The Reserve bank of India (RBI)’s proposal to issue differentiated banking licences appear to have caught the imagination of foreign banks.
The RBI’s guidelines on subsidiarisation didn’t really excite foreign lenders in the country. However, Bankers say several mid-sized foreign lenders are keen to apply for such a licence, as and when RBI decides to offer these. “Of the 43 foreign banks in India, only four or five are engaged in full-fledged banking. The rest are doing specialised banking business, though they have been given a universal banking licence. It makes sense for them to opt for a differentiated banking licence and maintain focus on their core activity. We are certainly open to this idea,” said a banker with a mid-sized foreign lender, requesting anonymity.
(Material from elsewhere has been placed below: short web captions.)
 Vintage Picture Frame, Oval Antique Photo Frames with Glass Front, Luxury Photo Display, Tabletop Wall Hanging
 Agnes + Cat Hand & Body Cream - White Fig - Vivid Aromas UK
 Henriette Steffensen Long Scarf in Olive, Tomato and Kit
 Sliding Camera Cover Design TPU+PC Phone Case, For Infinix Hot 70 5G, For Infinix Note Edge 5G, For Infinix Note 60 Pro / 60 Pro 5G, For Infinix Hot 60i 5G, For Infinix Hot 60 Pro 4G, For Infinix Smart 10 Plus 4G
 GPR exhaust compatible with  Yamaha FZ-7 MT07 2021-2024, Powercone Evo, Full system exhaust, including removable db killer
He declined to be identified as it was not clear if RBI will allow foreign banks to opt for a differentiated banking licence without creating a subsidiary in India.
RBI Governor Raghuram Rajan, during a seminar last week, said the central bank had opened the possibility of creating a differentiated banking licence, one allowing banks to operate in niche areas.
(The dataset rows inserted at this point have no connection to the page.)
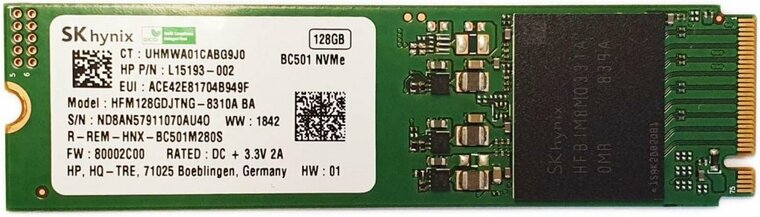 OEM | 128GB NVMe SSD | M.2 | PULLED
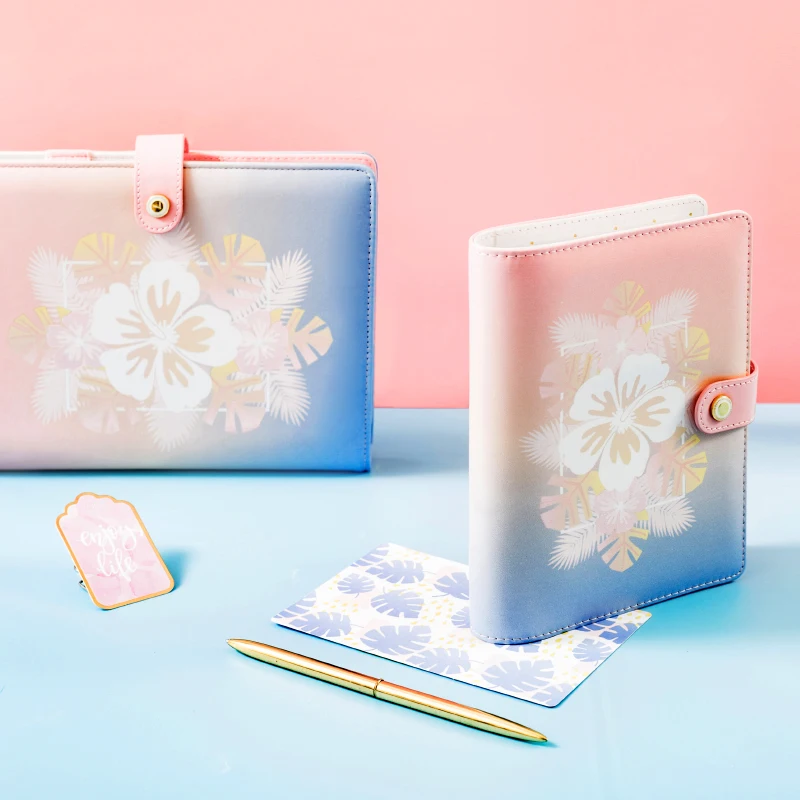 2020 Lovedoki блокнот Dokibook Еженедельный планер A6 розовый цветок 6 колец ежедневник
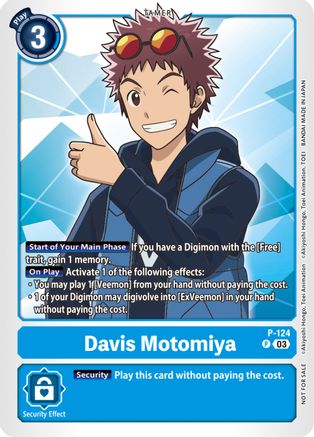 Davis Motomiya - P-124 (NYCC 2023 Demo Deck) (P-124) - Digimon Promotion Cards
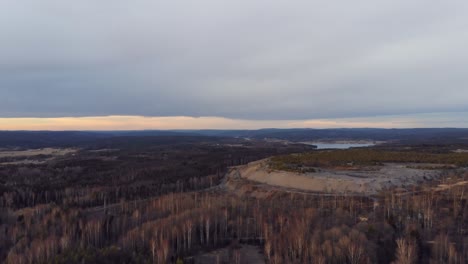 drone footage from stråssa mining area with landscape view
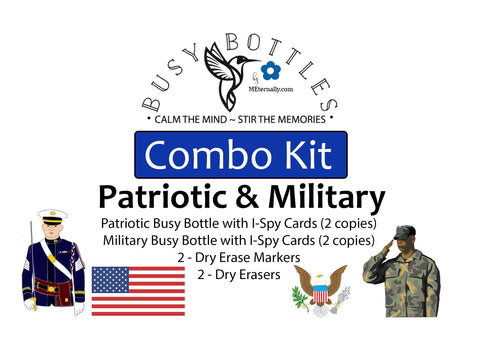 Busy Bottles Combo Kit - Patriotic & Military
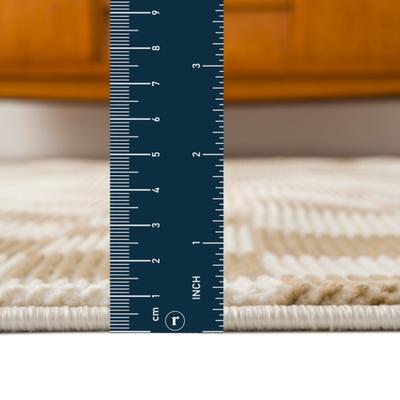 Show full view: Revival Rugs Gambit Area Rug, Camel, Bone Beige, Sandstone, 110 x 146-in slide 6 of 7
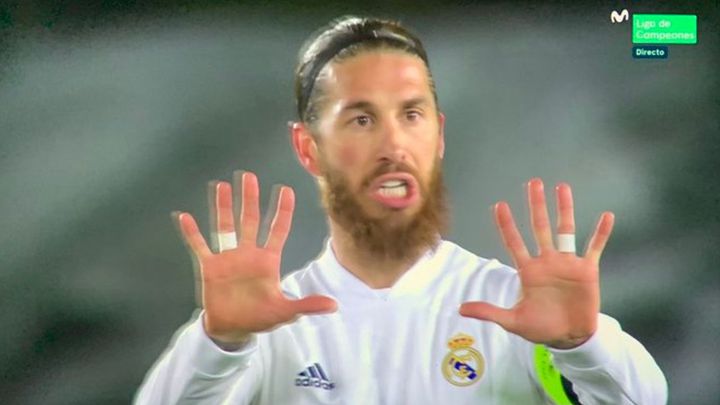 Ramos pide 10 minutos más a Zidane y este no se los concede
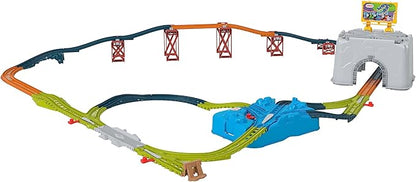 Thomas & Friends Toy Train Tracks Set, Connect & Build Bucket, 34-Piece Expansion Pack for Diecast & Motorized Trains, Kids Ages 3+ Years
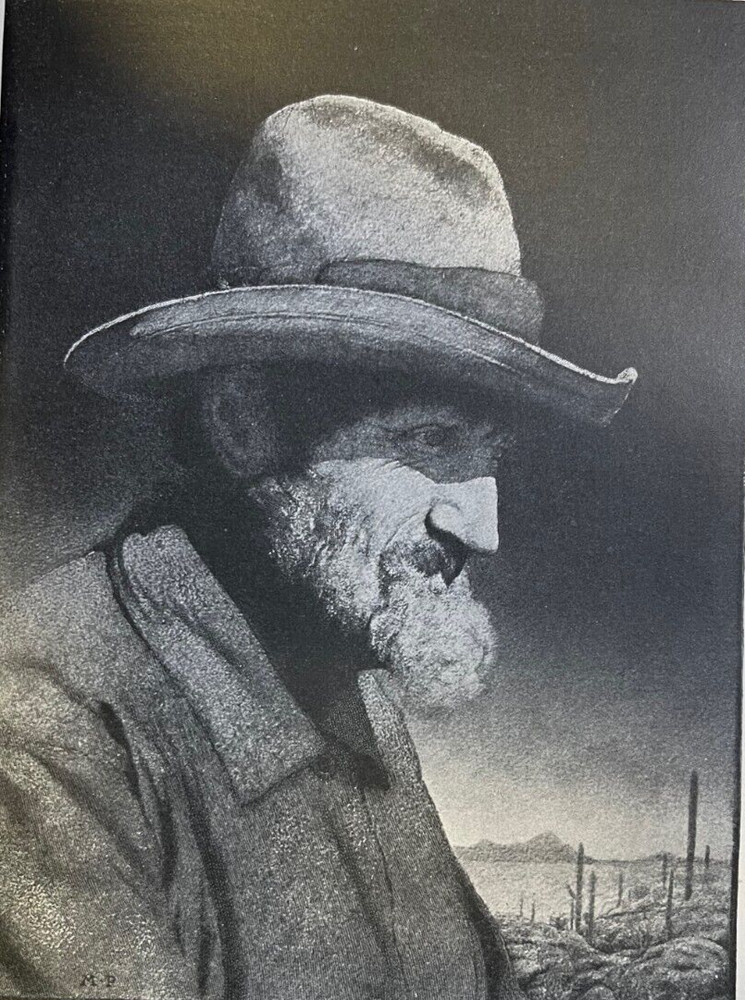 1902 Maxfield Parrish Illustrations Great Southwest Tragedy of the Range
Earlier, the RBI’s guidelines on subsidiarisation didn’t really excite foreign lenders in the country.
RBI, in a discussion paper on the banking structure in India (August 2013), said banks had shown significant progress in financial inclusion and in improving the quality of risk management. However, adding “a lot more needs to be done.”
While Rajan made his comment of last week with reference to the new banking licences offered to domestic entities, the differentiated licence model appears to find favour with some foreign banks. UBS, which has decided to surrender its banking licence in India, is one. “India is still very important to us. If differentiated licensing comes in, and if we are able to do what we think we are good at, then we will certainly reconsider those options to re-engage in businesses in India," Aashish Kamat, managing director and chief executive of UBS in India, had told Business Standard in a recent interview.
Sectoral sources say Barclays could be another candidate for such a licence. Barclays had exited its retail operations in India in December, 2011, barely four and a half years after starting it. A spokesperson of Barclays in India declined to offer comment.
“I think there is a lot of merit to a differentiated banking licence model. All banks do not want to do every business. Different banks have different expertise and a differentiated licence will suit them (foreign banks),” said Brijesh Mehra, managing director and head of international banking, India and South East Asia, at Royal Bank of Scotland.
Sector analysts and bankers say subsidiarisation could be a hurdle for foreign banks in opting for a differentiated banking licence. While RBI wants foreign banks to set up wholly-owned subsidiaries in India, it has not made it compulsory for the lenders to create one. “Not many foreign banks are interested in creating a subsidiary here. It is not clear whether foreign banks have to set up subsidiaries first to be eligible for a differentiated licence,” said a banker.
He added that priority sector lending norms also needed to be relaxed to encourage foreign banks to opt for a differentiated licence. “The final guidelines will probably offer some clarity,” the banker said.